Samsung Invests $4 Billion in Texas Semiconductor Plant

Samsung Electronics Co, the world’s largest maker of memory chips, said it will invest about $4 billion in its Texas factory to boost output of processors increasingly used in smartphones and tablet computers, Bloomberg reports.

The investment will help convert the production of memory chips to logic products, including processors that power mobile devices, at the Austin, TX plant, Samsung said in a statement today. The Suwon, South Korea-based company plans to complete the conversion and start mass production in the second half of 2013.

Samsung is shifting away from chips used to hold memory in personal computers and digital gadgets to more complicated, yet lucrative processors acting as the brains of devices. As the exclusive manufacturer of Apple Inc.-designed chips running the iPhone and iPad, Samsung has benefitted from the popularity of the U.S. rival’s devices and its own Galaxy phones that together control more than half the global smartphone market.

“It’s the right move to concentrate on the non-memory business because it’s much more profitable,” Choi Do Yeon, a Seoul-based analyst at LIG Investment & Securities Co., told Bloomberg. “The market for mobile application-processors is getting big, and Samsung is having a hard time keeping up with demand. They need extra capacity.”
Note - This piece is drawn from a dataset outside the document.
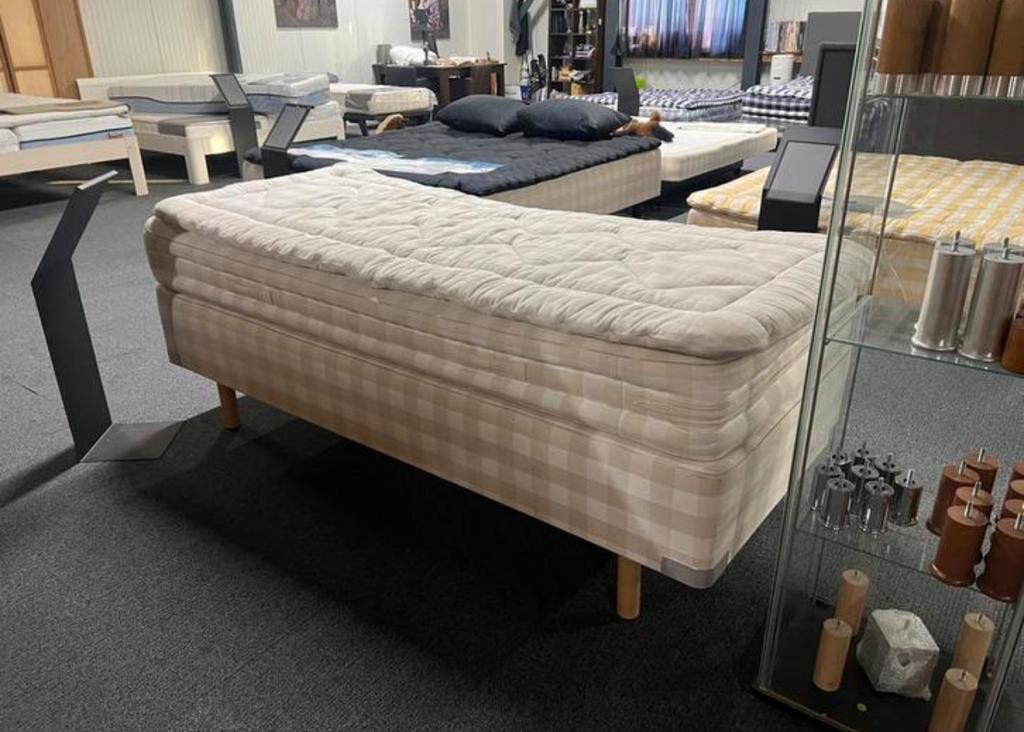 Hästens 2000T boxspring met bjx topper 90x210, Ophalen, Zo goed als nieuw, Tweepersoons, 200 cm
Samsung, which plans to spend $13 billion on its global semiconductor business this year, had added another production line dedicated to logic chips at the Austin plant and began full operations in October.

With the new investment, the largest in size to be made by a foreign company in Texas, Samsung’s spending on the factory since 1996 will exceed $13 billion, according to the statement. About 2,500 construction workers and equipment vendors will be hired for the project, it said.

In April, Samsung announced it will spend $7 billion building a semiconductor factory in China to satisfy growing demand for mobile devices. The initial investment in that project was $2.3 billion.